◆ Directions: Print exactly the line that contains "Digital Art Landscape" along with every line beneath it to the end of the records below, and omit pictures.

◆ Data to examine:

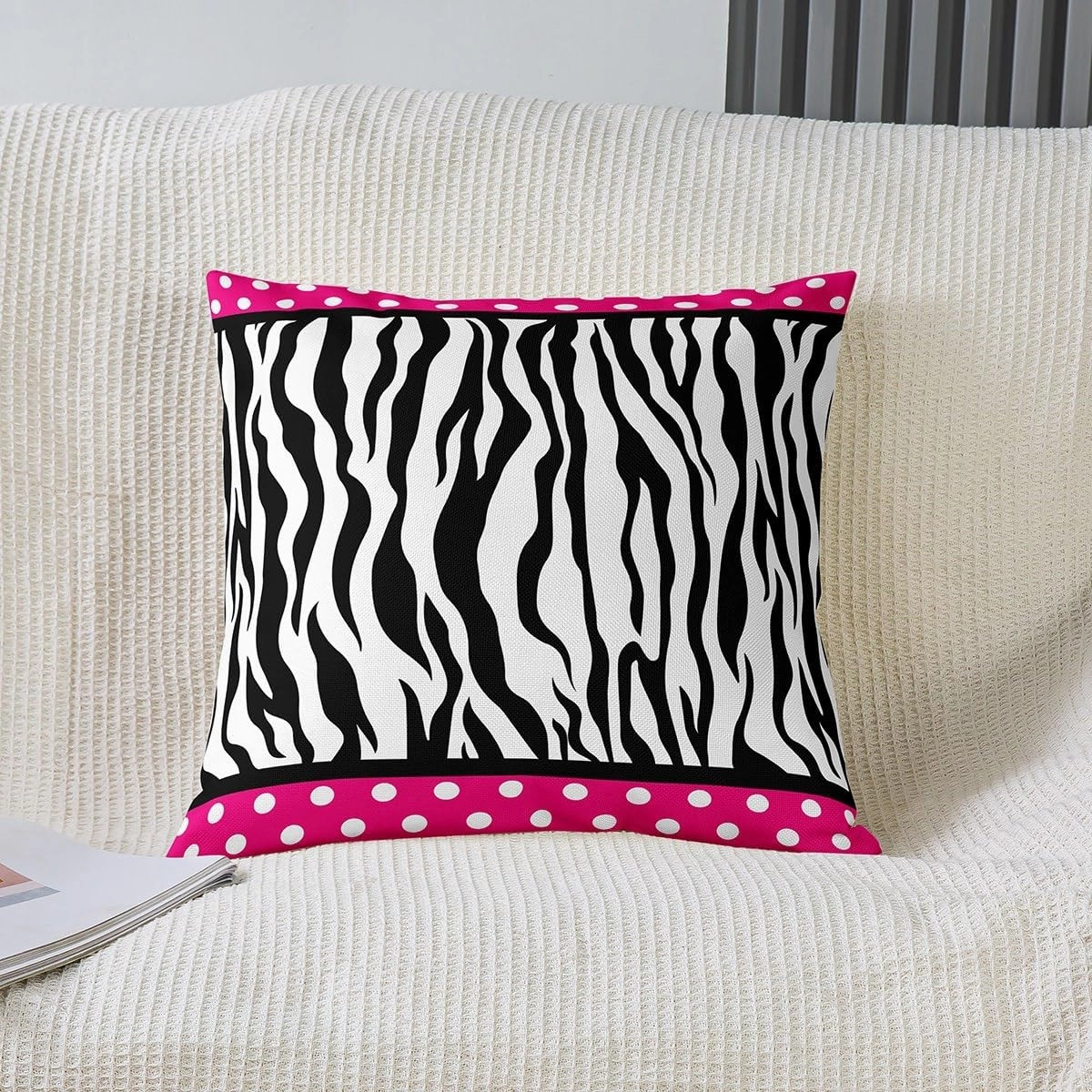 Manfei Zebra Stripes Decorative Throw Pillow Cover Animal Skin Black White Square Pillow Cover for Housewarming Sofa Cute Polka Dots Home Decor Cushion Case Pillowcase 22"x22"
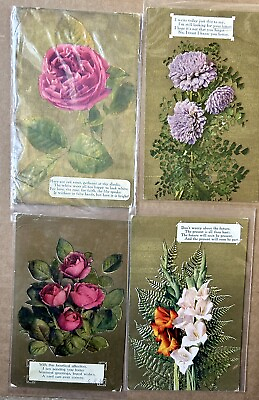 #ad Vintage Flower Postcards Lot Of 4. Roses. Early 1900s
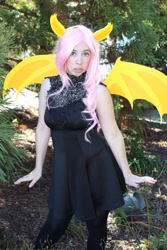 Size: 2000x3000 | Tagged: safe, artist:skyfairystarling, imported from derpibooru, fluttershy, bat pony, human, bat ponified, clothes, cosplay, costume, flutterbat, high res, irl, irl human, nekocon, pantyhose, photo, race swap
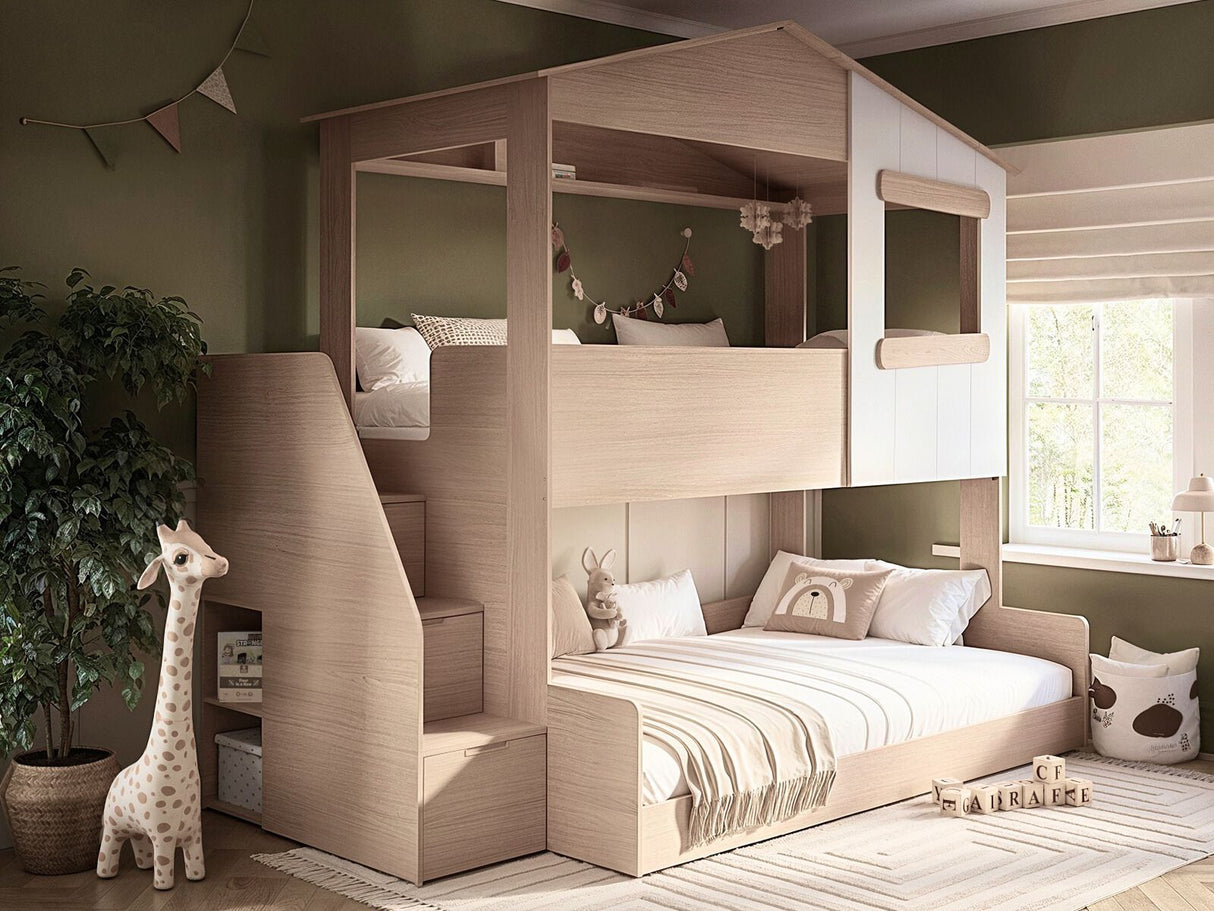 Flair Dreamland House Triple Sleeper with Staircase White & Oak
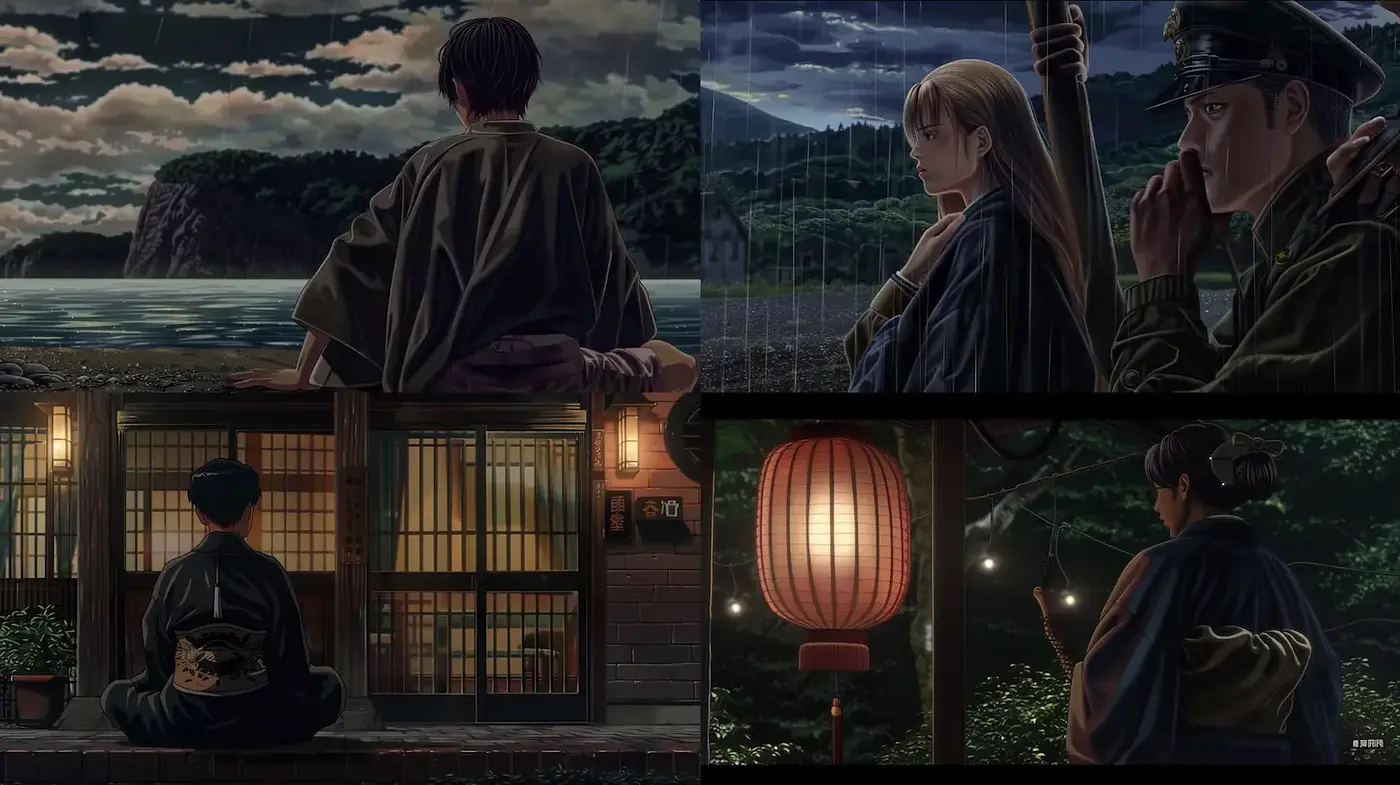 Serene Illustrations with Cultural Depth and Atmospheric Richness - Midjourney sref style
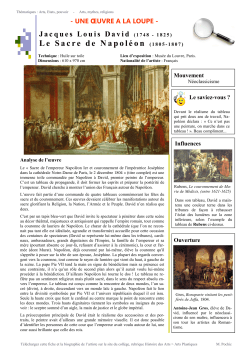 Le Sacre de Napol&eacute;on (1805-1807) - Site du coll&egrave;ge Victor Hugo de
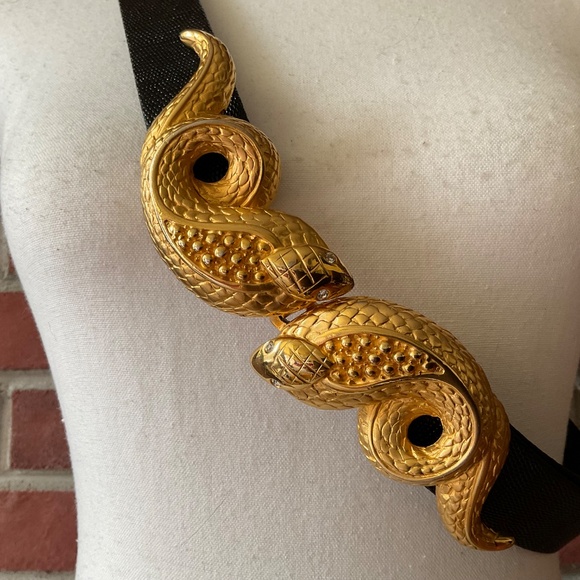 Vintage Rare  Doreen Ryan Gold Tone Double Snake Buckle Signed Adjustable Belt main image 2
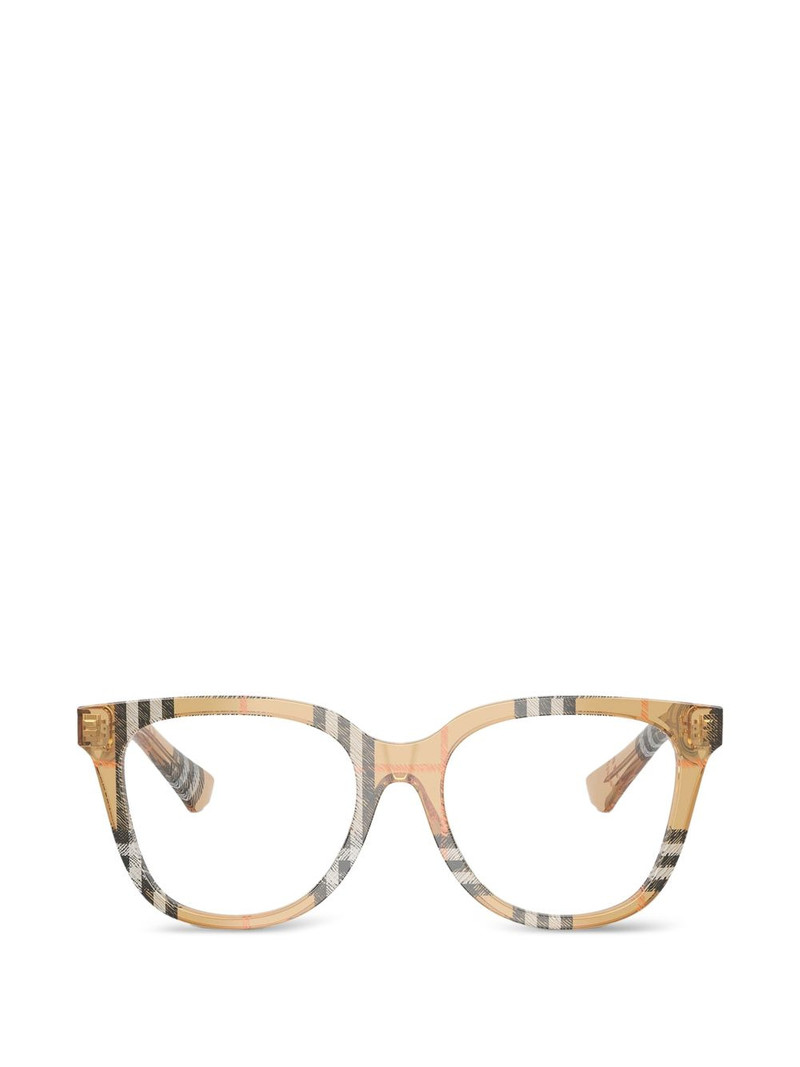 check-pattern square-frame glasses 1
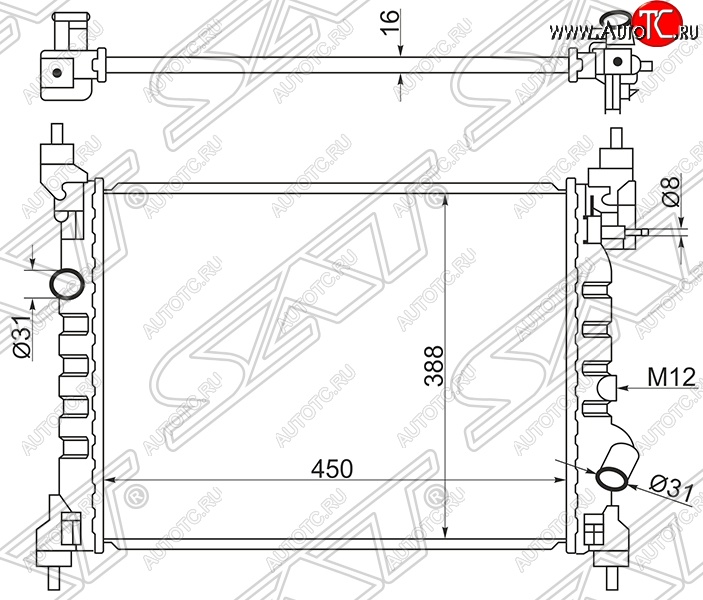 5 549 р. Радиатор двигателя SAT (пластинчатый)  Chevrolet Spark  M300 (2010-2015), Ravon R2 (2016-2024)  с доставкой в г. Тамбов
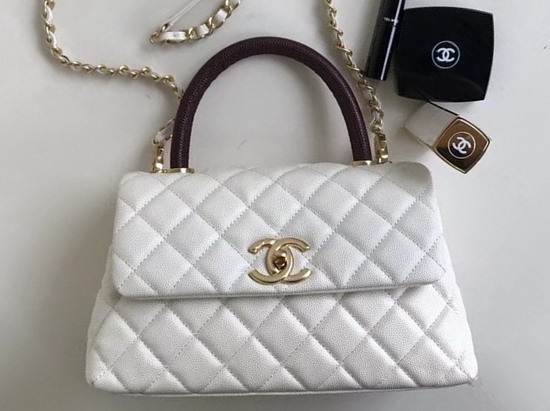 Chanel Small Coco Handle Bag in White Caviar Leather with Gold Hardware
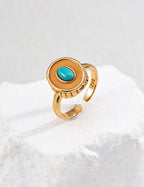 Minimal Raw Gemstone Ring — 18K Gold Vermeil, lapis lazuli, turquoise, red agate | SENLORE
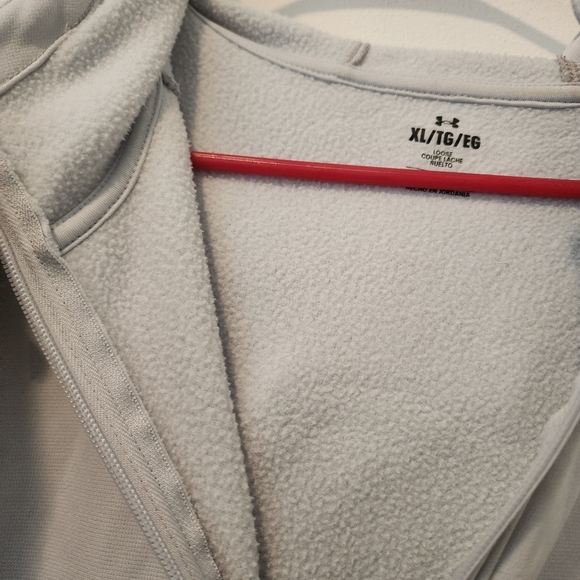 Under Armour Men's UA Armour Fleece Full-Zip Hooded Sweatshirt - Light Blue/Gray - Picture 7 of 10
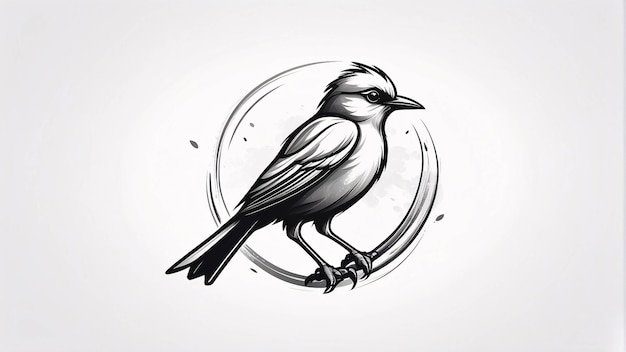 ミニマリストの優雅でシンプルな鳥の座席は木の枝のイラストロゴデザインアイデアです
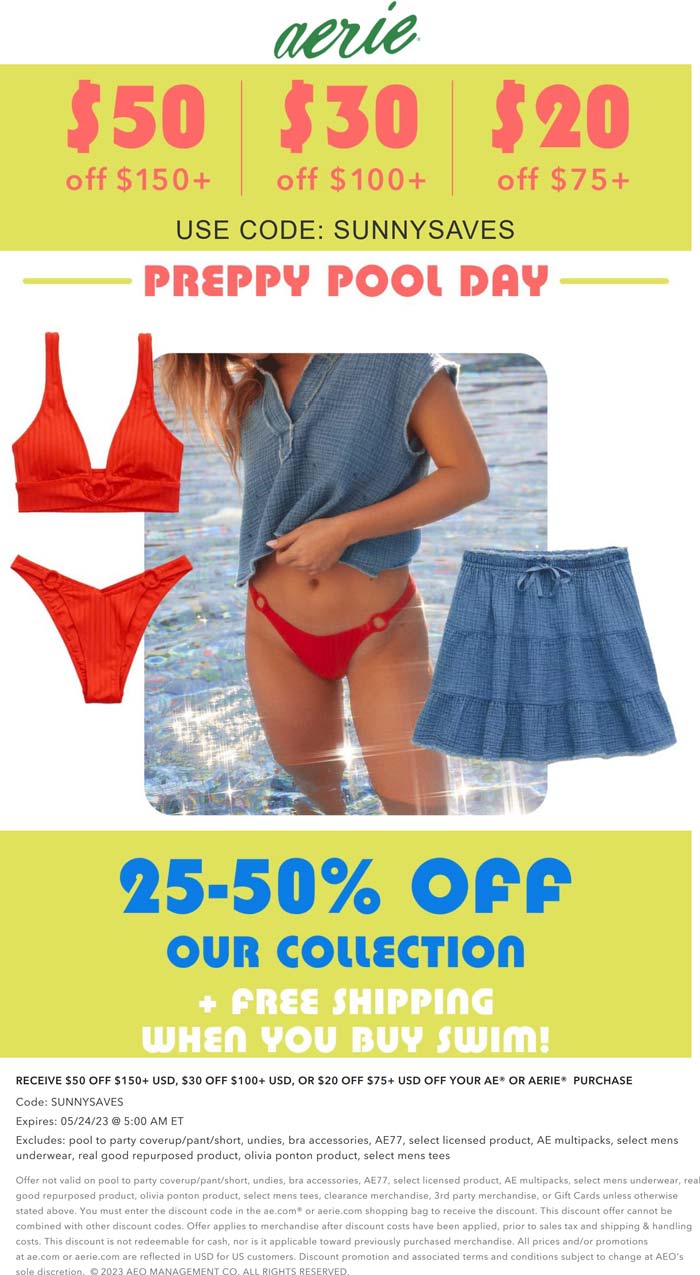 Aerie stores Coupon  $20-$50 off $75+ at Aerie via promo code SUNNYSAVES #aerie 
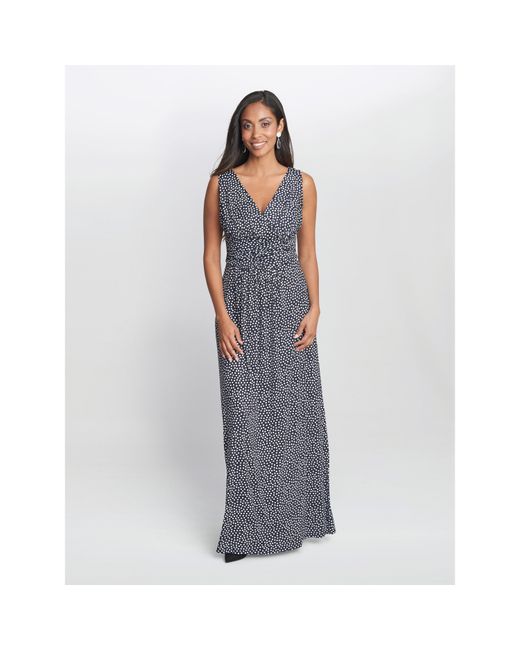 Gina Bacconi Blue Omie Jersey Maxi Dress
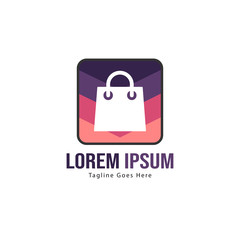 Shopping logo template design. Shopping logo with modern frame isolated on white background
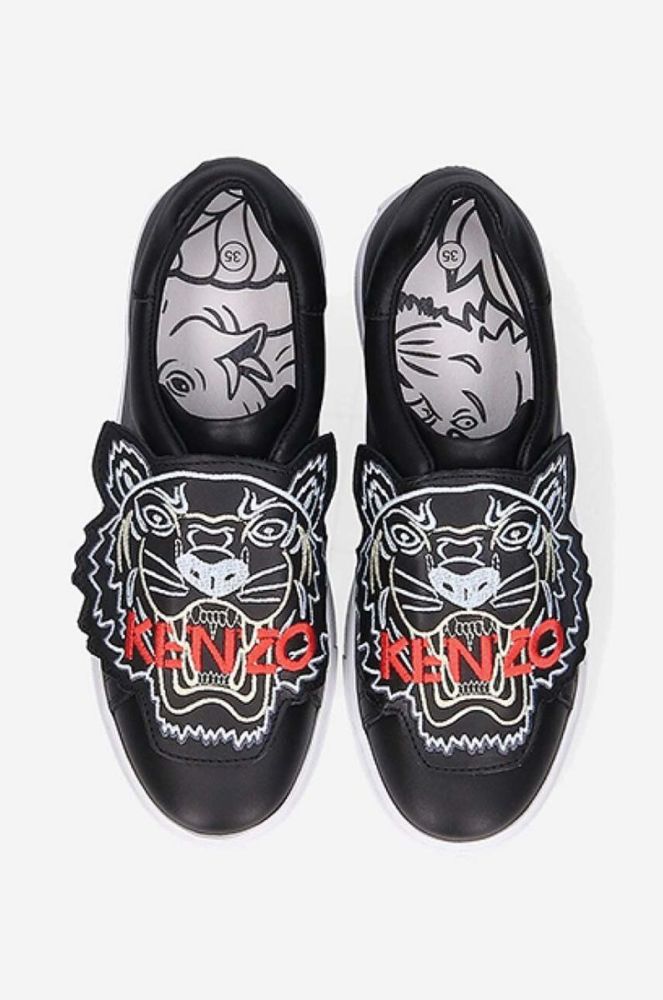 Дитячі шкіряні кросівки Kenzo Kids K59039 колір чорний фото 5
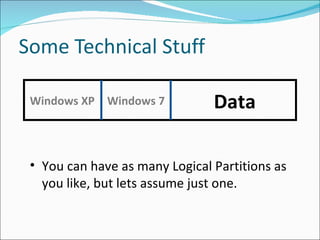 Some Technical Stuff Windows XP Windows 7 Data You can have as many Logical Partitions as you like, but lets assume just one. 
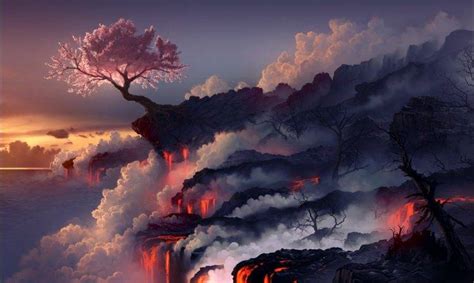 Digital Art Landscape Cherry Blossom Trees Lava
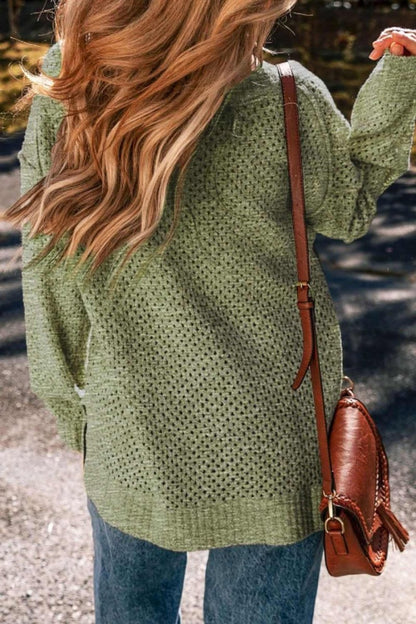 V-Neck Dropped Shoulder Long Sleeve Sweater - Love Salve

◆ Written reply:
 Digital Art Landscape Cherry Blossom Trees Lava
 V-Neck Dropped Shoulder Long Sleeve Sweater - Love Salve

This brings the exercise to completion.